Something like a failure to deliver the goods identified in a contract may well be relatively straightforward, but disputes are rarely clear cut. You need to work out what the breach is and how important it is.

Does it undermine the whole point of the contract, for instance? Also look at other factors, such as the reason for the failure, which might impact on the seriousness of any breach. Perhaps you didn’t do something you should have done when you ordered the goods, or perhaps the failure to deliver the goods is due to something outside of the control of one of the parties? There are endless possible scenarios here and each presents its own challenges. Some breaches are more difficult to pin-point, such as a failure to provide services in keeping with a general duty outlined in the contract.

So, now you have identified your terms and pin-pointed what has gone wrong. What can you do about it? There are a few key issues to consider here and again your contract is going to be your starting point.


Does your contract set out what your remedy is?

The remedy you have often depends on how serious the breach is. There are numerous possibilities, but your remedies might include a requirement to allow the party in the wrong a period of time to put things right or perhaps a right to reject goods which have been delivered. At the other end of the spectrum, one party might have a right to terminate the contract.


Is there a “Dispute Resolution” clause?

Threatening to sue isn’t always the answer. Your contract may set out a procedure which needs to be followed first. Usually that procedure would start with a meeting of party representatives followed, if necessary, by some form of escalation process.

If it exists, check whether that procedure is mandatory (“…the parties will/shall…”) or discretionary (“…the parties may…”). Also check whether any provision is made for mediation or arbitration (and again, whether that is mandatory) and whether the right to pursue formal legal proceedings is put on hold pending the outcome of the dispute resolution process. These factors all impact on the practical steps you have to put in place, and the purpose (and tone) of any exchanges you may have with the other party in these early stages.

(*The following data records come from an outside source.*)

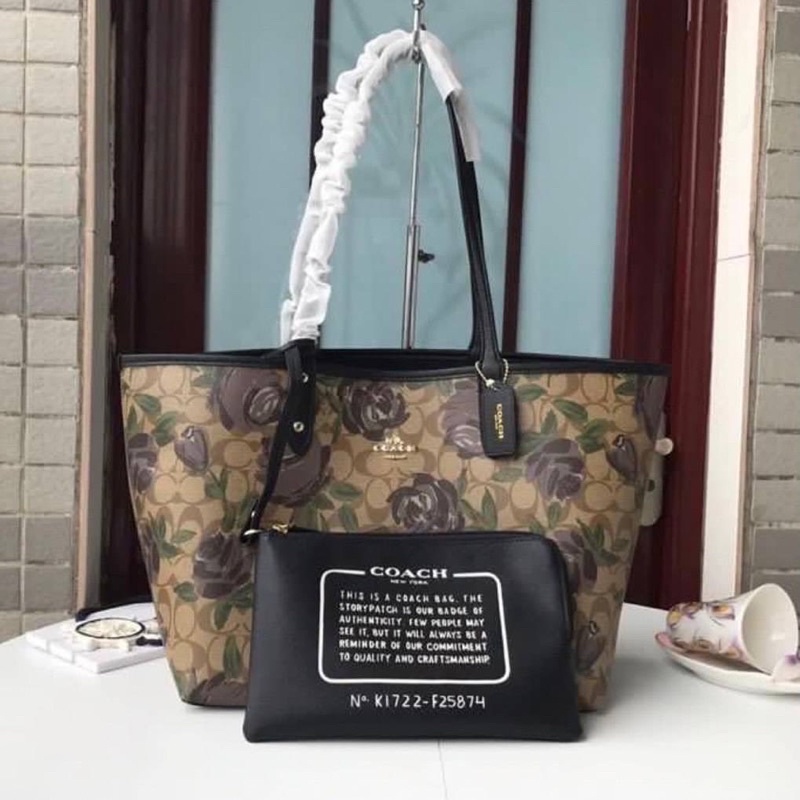 👑ผ่อน0%แท้100%👑 กระเป๋าสะพายกลับด้าน REVERSIBLE CITY TOTE WITH CAMO ROSE FLORAL PRINT (COACH F25874)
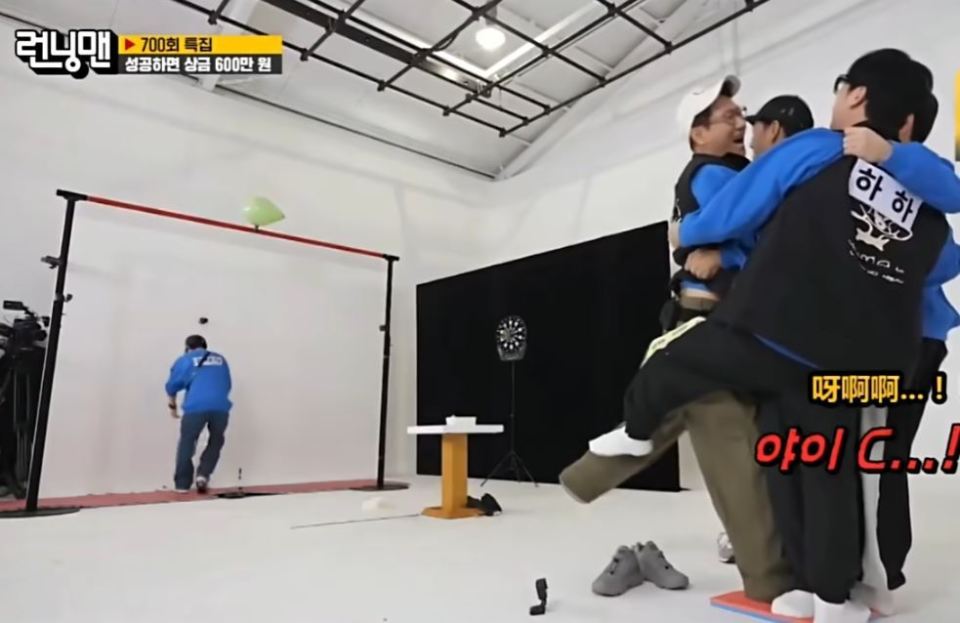 《runningman》700期特辑，有感动、反转、回忆和以前的味道_腾讯新闻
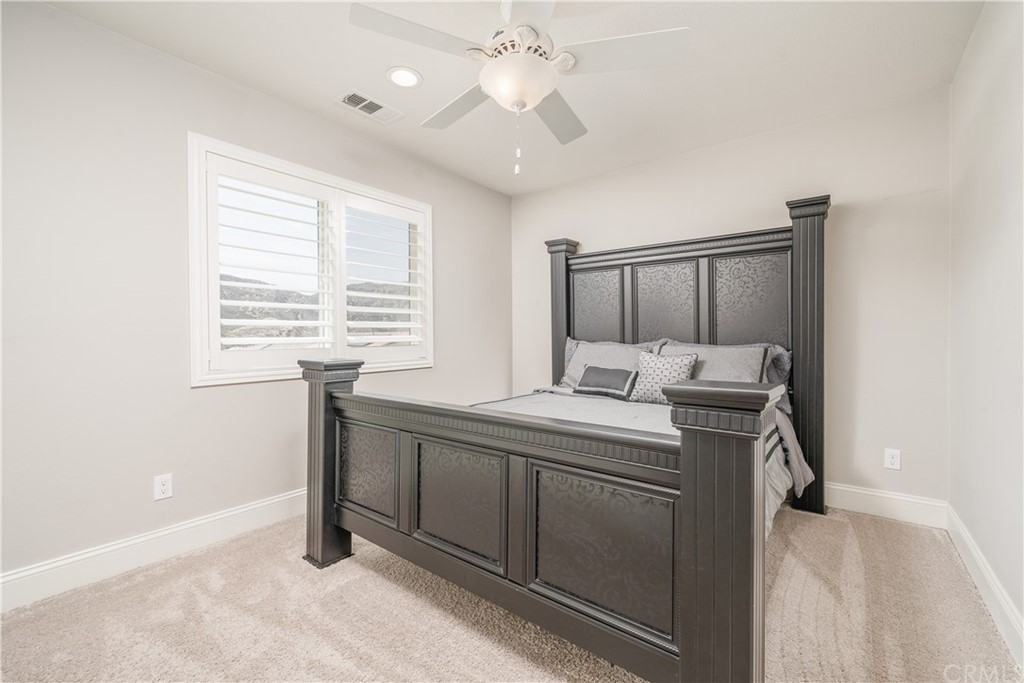 17841 Grapevine Lane San Bernardino, CA 92407 - Photo 31 of 53 a utility room with washer and dryer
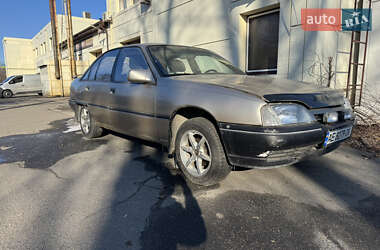 Седан Opel Omega 1987 в Дніпрі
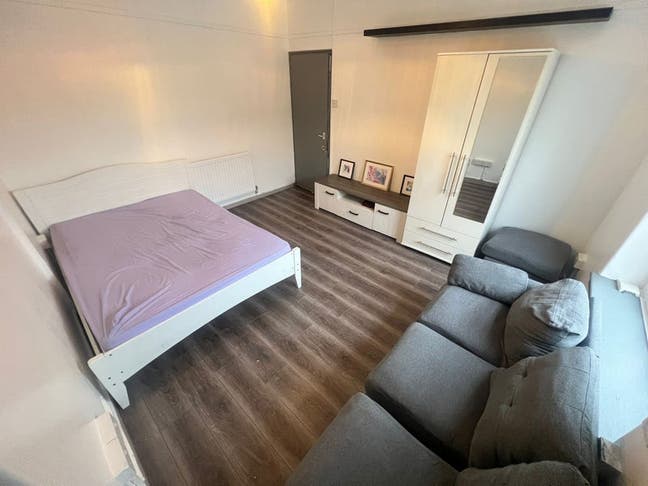 4Bed Flat in Euston & St. Pancras Main Photo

Might there be a negotiated outcome?

In most cases this will be the best outcome for everyone, and it is certainly something you should consider at the outset, but do watch for pitfalls at this point:

  • Make it clear in any discussions that you aren’t waiving any rights you have under the contract (assuming you have helpful rights in the first place!)
  • On the point of waiving rights, there just may be a “non-waiver” clause in the contract. If so, there is a presumption that, even if commercial discussions take place, the party to which the clause relates (often both parties, in fact) can still look to enforce its rights under the contract at a future date. Any such right needs to be tied off in discussions,
  • Consider whether you need to have “without prejudice” discussions or correspondence. That is often helpful where the parties are genuinely trying to resolve a dispute, and essentially means that the content of those discussions has to remain confidential between the parties (at least for now).
  • If the negotiated outcome means a change in contractual terms as a one-off, that change needs to be recorded. In fact, if you have a “non-variation” clause in your contract it is vital that any change in terms is documented and signed by both parties. Otherwise it may not be binding.
  • If the negotiated outcome leads to a permanent change in terms, consider whether you need a document which will record the changes (as above) or a whole new contract. Disputes where the nature of goods/services provided has changed very substantially over time, but the terms haven’t been updated can be very difficult to resolve at a later point.

If all else fails, early advice will help you sense-check your position and may help you to identify an argument or approach you’ve not tried. It will also often make the first steps towards resolution of the dispute smoother.